I would not say that for 2020 it is at all likely that it would make the wholesale switch to a primary. You know, there are a lot of Iowans who say the caucus process, while it might not be the most accessible, it is something that is really special. You know, across the state there are hundreds of locations where neighbors do gather with neighbors. They make their case face to face. They hear from the candidates. It's a drawn out process. There's this whole complicated realignment where you have a first choice and you have a second choice depending on viability. But it's something that makes Iowa's special besides being first. It actually is a grassroots process more, some say, than a primary would be. So I don't think they're close to giving that up for 2020. But, you know, here in Iowa, there have been questions about, well, what happens in 2024? Because we're always looking at the next contest as well.
And New Hampshire is fiercely protective of that first-in-the-nation primary status. We do have a law that says our primary needs to happen seven days before any "similar election." During the process that you've been going through in Iowa, did you hear from officials who were concerned about triggering that primary scheduling battle with the Granite State?
Absolutely. That's been some of the talk on the ground here. And so that's why, you know, the absentee ballot idea for a caucus is not so appealing because of New Hampshire's law. You know, and there have been years, although it's happened less this past year, there have been years where Iowa and New Hampshire have sort of battled back and forth. And New Hampshire has been a little loose with its date until they're absolutely sure that they can be first. And so it's been a long standing process where both of our states have fought very hard to be first.
And frankly, we've seen the results of that in the presidential campaign this year. You know, we in Iowa have topped over 1,000 candidate presidential candidate events already this year. We expect that to go perhaps up to 3,000 before our February caucus, and you in New Hampshire have had about 750 candidate events so far. And so candidates really do pay attention to these states that are first. And that's very important for the identity, frankly, of both of our small states.
So what happens for the candidates themselves? What happens for those event if something were to change in Iowa?
So what a lot of the campaigns have told us is, look, you know, we knew that the DNC hadn't yet approved this. And so we were just acting like the rules that we believe are the case are going to continue forward. They're still expecting and our Democratic Party chair here in Iowa fiercely said last week, 'we will be first.' We will be a caucus state on Feb. 3. That will happen. And so I don't know how much of that changes.

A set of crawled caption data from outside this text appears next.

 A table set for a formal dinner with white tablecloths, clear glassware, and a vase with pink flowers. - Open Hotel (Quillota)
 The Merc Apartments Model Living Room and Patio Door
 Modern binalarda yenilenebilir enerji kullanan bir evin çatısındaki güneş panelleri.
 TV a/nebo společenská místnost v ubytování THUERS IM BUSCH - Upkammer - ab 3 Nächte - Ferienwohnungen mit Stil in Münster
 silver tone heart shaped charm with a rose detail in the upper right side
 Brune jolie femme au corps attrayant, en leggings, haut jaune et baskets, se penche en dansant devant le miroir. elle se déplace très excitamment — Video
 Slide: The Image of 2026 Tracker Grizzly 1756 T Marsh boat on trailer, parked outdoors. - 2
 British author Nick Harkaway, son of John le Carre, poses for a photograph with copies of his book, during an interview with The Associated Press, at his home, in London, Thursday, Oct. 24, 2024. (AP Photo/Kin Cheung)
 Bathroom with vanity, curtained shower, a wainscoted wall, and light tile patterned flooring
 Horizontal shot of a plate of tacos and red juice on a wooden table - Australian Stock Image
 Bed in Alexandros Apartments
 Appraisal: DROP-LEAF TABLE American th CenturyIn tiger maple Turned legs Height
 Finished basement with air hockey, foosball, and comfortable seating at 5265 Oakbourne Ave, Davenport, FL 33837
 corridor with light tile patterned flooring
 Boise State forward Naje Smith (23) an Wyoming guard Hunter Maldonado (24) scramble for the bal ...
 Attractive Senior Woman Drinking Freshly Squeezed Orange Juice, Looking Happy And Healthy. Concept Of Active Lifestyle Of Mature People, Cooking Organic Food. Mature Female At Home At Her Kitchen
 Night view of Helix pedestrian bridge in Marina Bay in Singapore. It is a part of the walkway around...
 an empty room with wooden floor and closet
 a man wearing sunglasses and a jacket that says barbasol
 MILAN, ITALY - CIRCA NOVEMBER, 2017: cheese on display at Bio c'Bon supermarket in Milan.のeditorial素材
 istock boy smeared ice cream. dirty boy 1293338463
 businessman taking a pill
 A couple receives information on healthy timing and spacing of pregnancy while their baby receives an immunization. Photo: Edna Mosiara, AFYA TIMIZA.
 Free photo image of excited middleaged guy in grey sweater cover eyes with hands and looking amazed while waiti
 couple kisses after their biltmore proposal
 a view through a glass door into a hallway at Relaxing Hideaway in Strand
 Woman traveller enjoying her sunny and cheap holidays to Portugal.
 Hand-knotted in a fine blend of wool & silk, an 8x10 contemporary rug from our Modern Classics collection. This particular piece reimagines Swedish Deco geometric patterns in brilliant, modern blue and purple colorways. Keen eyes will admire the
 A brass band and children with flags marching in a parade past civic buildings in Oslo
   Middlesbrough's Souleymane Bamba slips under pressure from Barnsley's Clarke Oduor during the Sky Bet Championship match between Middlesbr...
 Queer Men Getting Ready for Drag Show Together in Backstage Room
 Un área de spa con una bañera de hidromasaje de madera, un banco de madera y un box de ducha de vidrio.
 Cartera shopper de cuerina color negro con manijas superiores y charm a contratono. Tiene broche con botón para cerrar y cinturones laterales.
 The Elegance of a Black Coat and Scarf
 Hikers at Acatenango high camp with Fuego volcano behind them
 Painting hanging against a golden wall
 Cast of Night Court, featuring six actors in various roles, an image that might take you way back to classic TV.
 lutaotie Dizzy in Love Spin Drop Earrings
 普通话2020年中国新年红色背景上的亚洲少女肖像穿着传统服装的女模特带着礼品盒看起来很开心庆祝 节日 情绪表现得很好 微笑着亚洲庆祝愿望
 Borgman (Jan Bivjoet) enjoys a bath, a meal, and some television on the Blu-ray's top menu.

The other sort of thing to understand about the virtual caucus, as complicated as it was, is that it only counted for 10% of the total delegates equivalence here in Iowa, which is still significant if it is close. But it was not the 90% of people who show up in those gymnasiums, in those church halls, in this community centers, sometimes in barns and other places to talk with their neighbors about who they prefer for president. And so we haven't seen any abatement at all of, you know, candidates showing up here. We'll have several big events in the state. Today, the DNC Rules and Bylaws Committee will probably meet and on a conference call officially decide the virtual caucus is no more. And the Iowa Democratic Party will react to that, and we may see some new developments even yet this week.